Somalia: Looking For Volunteers To Invade


February 18, 2011: More nations are calling for going ashore in Somalia, as the Somali pirates simply use captured fishing ships (carrying or towing speedboats for attacks) to go deeper into the Indian Ocean to avoid the international anti-piracy patrol. The pirates are winning, and the shipping companies don't want the Indian Ocean turned into a pirate hunting ground. But none of the major nations, that have troops and the ability to put them ashore in Somalia, are willing to conduct such an operation. Yet. But meanwhile, more clan leaders are organizing pirate operations, and seizing ocean going fishing ships for use as mother ships that can seek victims as far as the coast of India, and beyond. The international anti-piracy patrol is responding by sending commandos to take back some ships (like large oil tankers). This is risky, but not taking risks is only making the piracy situation worse.

Some of the crews of captured fishing ships have admitted that they agreed to willingly help the pirates (by operating their ship) in return for promises of freedom after a certain number of days-at-sea or attacks. This is often the best deal a fishing ship crew can get, if the fishing ship belongs to a company that cannot afford any kind of ransom the pirates find worthwhile.

Indian Ocean nations are more likely to prosecute captured pirates, rather than just have their warships disarm and release them. Malaysia is prosecuting seven pirates, and the penalty for piracy in Malaysia is death by hanging. Shipping companies are becoming louder in their calls for raids on the ports that pirates use as bases. This puts hundreds of captive merchant sailors at risk. But without landing troops and capturing those bases, the piracy will only grow. The larger nations that could land and destroy the pirate bases continue to find the higher shipping costs (ransoms, guards, insurance, extra fuel to avoid pirates) preferable to a war against the pirates on land. The Western nations are advising Indian Ocean nations (especially India) to organize an invasion force themselves if they find that the only solution to the growing piracy problem. The Indians have long claimed to be the regional superpower, and the Western nations are advising them to take this opportunity to prove it. Western nations would provide support, and even supply some of the troops (commandos and other specialists). But India would have to step up and take the lead. India considers this unfair, as most of the shipping passing through the Indian Ocean is non-Indian. What might force the hand of India is Chinese willingness to get more aggressive against the pirates.

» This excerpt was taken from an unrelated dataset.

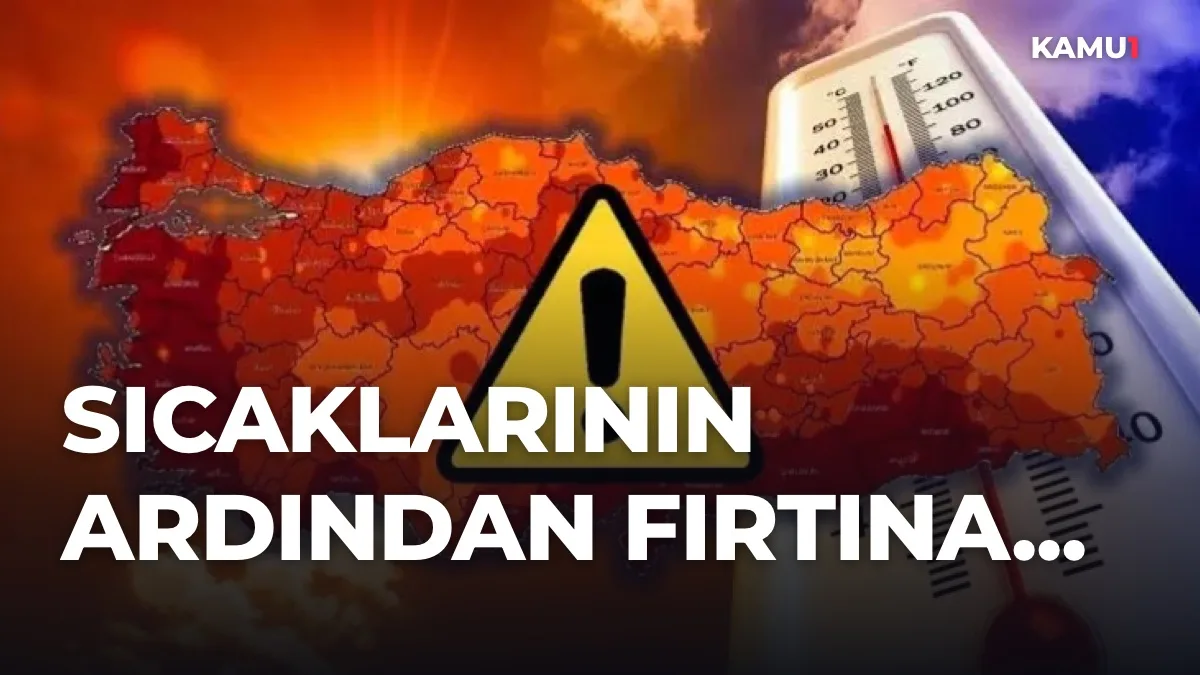 MGM'den Yalova için rekor sıcaklık uyarısı - Yalova Haberleri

Fighting in Mogadishu continues, sporadically, with the Islamic radicals sniping at peacekeepers and government troops while hiding among civilians, causing dozens of civilians to be killed or wounded by return fire each week. The months of failure in Mogadishu is causing morale and control problems in al Shabaab. The main problem is that al Shabaab is heavily influenced by several hundred foreign Islamic radicals. Most of these guys are basically gunmen, but dozens are leaders, and they demand better performance (and willingness to die) from Al Shabaab Somalis than the Somalis are willing to provide. There are a growing number of Somalis deserting al Shabaab, some of them coming over to the government. In response, the foreign Islamic radicals are imposing more discipline, via shooting, and even killing, Somali members who do not demonstrate sufficient enthusiasm.

In Somaliland, clan fighting is causing the national armed forces to suffer defections because of divided loyalties (several hundred national troops went back to their clan militia because of a clan feud.) This dispute, in eastern Somaliland, has caused thousands of villagers to flee their homes to avoid the gunfire.

February 17, 2011: Islamic radical group Hizbul Islam has seized several pirate leaders in the central Somalia port of Haradhere. This is the only pirate base outside Puntland, and the Islamic radicals have allowed the pirates to keep operating in return for a share of ransoms taken. The current dispute is over how much of a cut the Islamic radicals are supposed to get.

February 15, 2011: In Mogadishu, TNG (Transitional National Government) troops opened fire on a peace rally, killing four people. The TNG are poorly disciplined, and prone to open fire on civilians suspected of being hostile.

February 13, 2011: A Danish warship seized a pirate mother ship, and freed the civilian crew who were forced to operate the ship for the pirates. These mother ships are high value targets for the counter-piracy patrol, and are usually detected by the presence of two or more speedboats and the lack of fishing activity, or too many people on board (pirates in addition to the crew).

February 12, 2011: A British warship seized a Yemeni fishing boat that had been captured by pirates for use as a mother ship. The 17 pirates were disarmed, but the British frigate captain was ordered to take the pirates back to Somalia and put them on the beach, because British prosecutors felt there was not a strong enough case to put the pirates on trial.